Department of Statistics, Virginia Tech

Consider paired data \((X_1, Y_1), (X_2, Y_2), \dots, (X_n, Y_n)\) and suppose we plotted those on \((x,y)\) axes and asked, what is the best fitting line capturing the pattern in these data?

- The characterization of that line is referred to as a
**regression**of \(Y\) on \(X\).

The regression of \(Y\) on \(X\) is a **linear regression** if the regression equation is of the form

\[ \mathbb{E}\{Y \mid X = x\} = \alpha + \beta x \]

- for some unknown constants \(\alpha\), called the \(y\)-
*intercept*, and \(\beta\), called the*slope*.

How do we estimate those coefficients from data?

- Among all possible values of \(a\) for \(\alpha\) and \(b\) for \(\beta\) we need a
**criteria**which judges the goodness-of-fit of the line those estimates prescribe, relative to the data we have observed.

- And we need that criteria to not only be intuitive, but easy to solve and have nice statistical properties.

Most reasonable criteria involve measuring the amount by which the **fitted value**

- obtained from the line for each point in the data, \(\hat{Y}_i = a + b X_i\),

differs from the observed value of the response in the data, \(Y_i\).

- This amount is called the
**residual**: \(e_i = Y_i - \hat{Y}_i\). - The residual is the discrepancy between the fitted and observed values.
- Good lines produce small residuals.

A reasonable goal is to minimize the size of *all* residuals.

- If they were all zero we would have a perfect line.
- There is a trade-off between moving closer to some points and at the same time moving away from others.

Since some residuals are positive and some are negative, we need one more ingredient.

- \(|e_i|\) treats positives and negatives equally.
- So does \(e_i^2\) which is easier to work with mathematically.

The method of **least squares** chooses \(a\) and \(b\) to minimize the sum of squared residuals:

\[ \sum_{i=1}^n e_i^2 = \sum_{i=1}^n (Y_i - \hat{Y}_i)^2 = \sum_{i=1}^n (Y_i - [a + b X_i])^2. \]

The solution, obtained using calculus, was derived in class.
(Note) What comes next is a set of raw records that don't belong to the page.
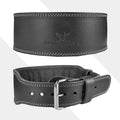 GENUINE LEATHER UNISEX SELF LOCKING BELT FOR FUNCTIONAL FITNESS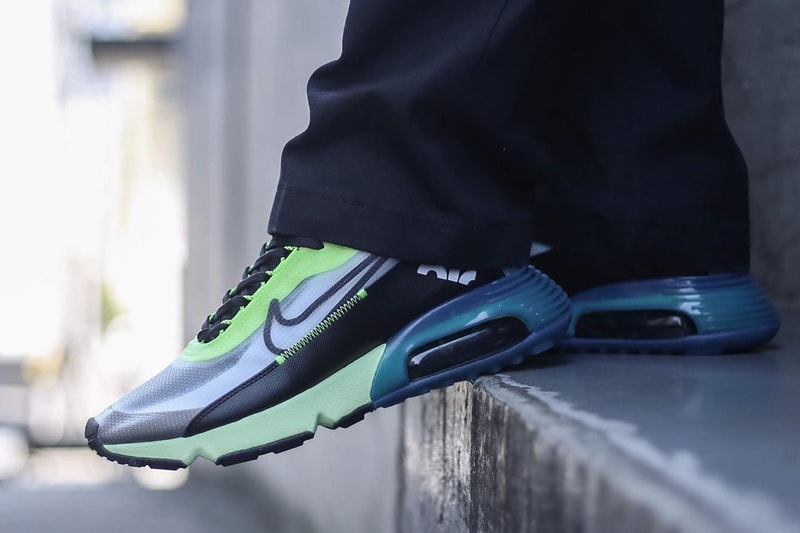 nike sportswear air max 2090 white black volt valerian blue BV9977 101 release date info photos price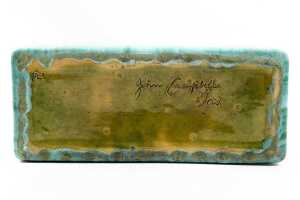 John Campbell drip glaze pottery planter - 4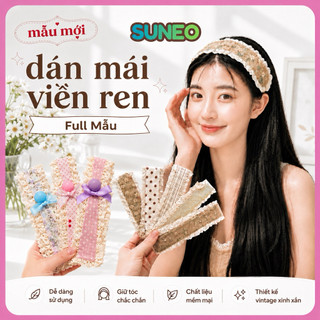 Miếng Dán Tóc Mái Viền Ren Siêu Xinh  | Băng Đô Dán Mái Hoa Nhí Cute - Kiểu Dáng Basic 🎀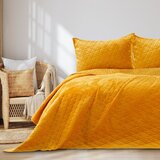 AmeliaHome Prekrivač Laila 170x270 cm, gorušičasta | shoptok.hr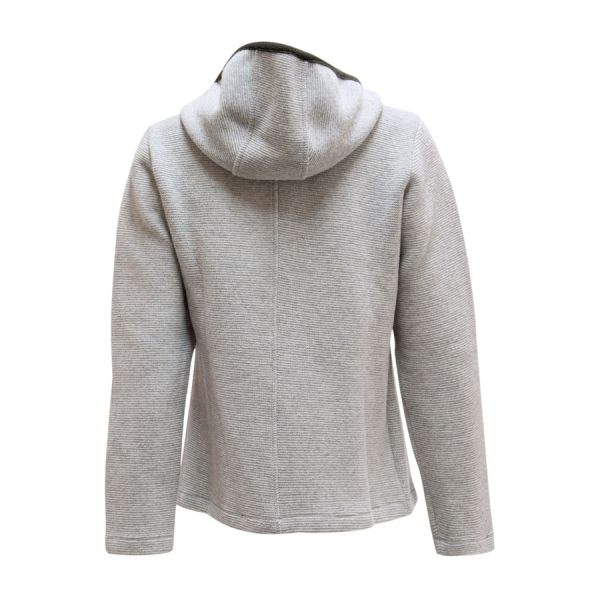 Graue Damen-Kapuzenjacke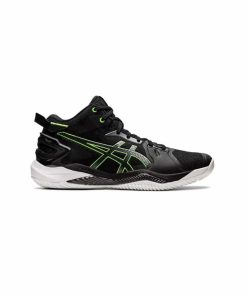 کتونی والیبال اسیکس ژل برست 26 مشکی سبز Asics Gel Burst 26 Black Green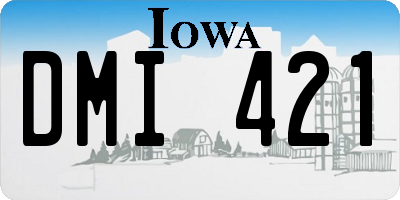 IA license plate DMI421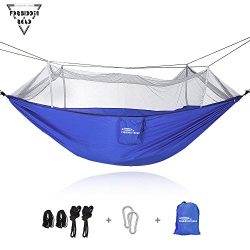 Forbidden Road Hammock Single & Double Mosquito Net Camping Hammock Capacity 300lbs Portable ...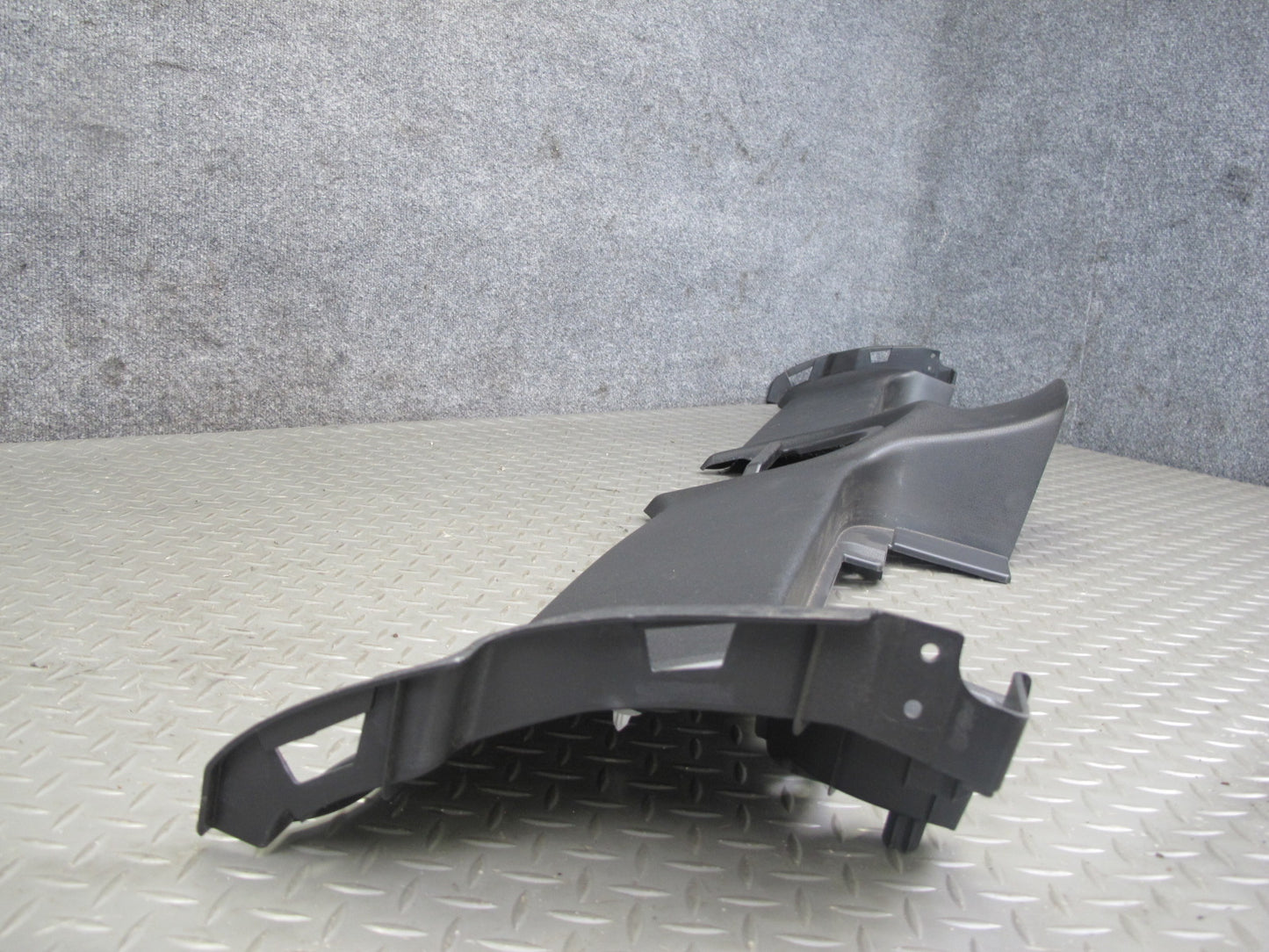 10-19 Nissan 370Z Z34 Convertible Rear Console Deck Trim Cover Panel Black OEM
The results are provided below.

\[ \begin{aligned} a &= \bar{Y} - b \bar{X} \\ b &= \frac{n \sum_{i=1}^n X_i Y_i - \left( \sum_{i=1}^n X_i\right)\left( \sum_{i=1}^n Y_i \right) }{ n \sum_{i=1}^n X_i^2 - \left(\sum_{i=1}^n X_i \right)^2} \\ & = \frac{\sum_{i=1}^n (Y_i - \bar{Y})(X_i - \bar{X})}{\sum_{i=1}^n (\bar{X} - X_i)^2} = \frac{\mathbb{C}\mathrm{ov}(X, Y)}{\mathbb{V}\mathrm{ar}(X)} = \mathbb{C}\mathrm{or}(X,Y) \frac{\mathrm{sd}(Y)}{\mathrm{sd}(X)}. \end{aligned} \]

- Observe that the slope is (linear) correlation, times rise over run (just like in middle school).

Therefore, tests of correlation can be used to test about the slope, \(\beta\). As long as we are willing to make the assumption that the residual \(Y - \mathbb{E}\{Y|X\}\) is independent of \(X\), then Spearman rank correlation test can be used on pairs \((X_i, U_i)\) where

\[ U_i = Y_i - \beta_0 X_i, \quad i=1,\dots, n, \]

for a particular value \(\beta_0\) of \(\beta\) as specified by the null hypothesis.

- Curiously, the test does not directly involve a calculation of the least squares estimate \(b\), described above.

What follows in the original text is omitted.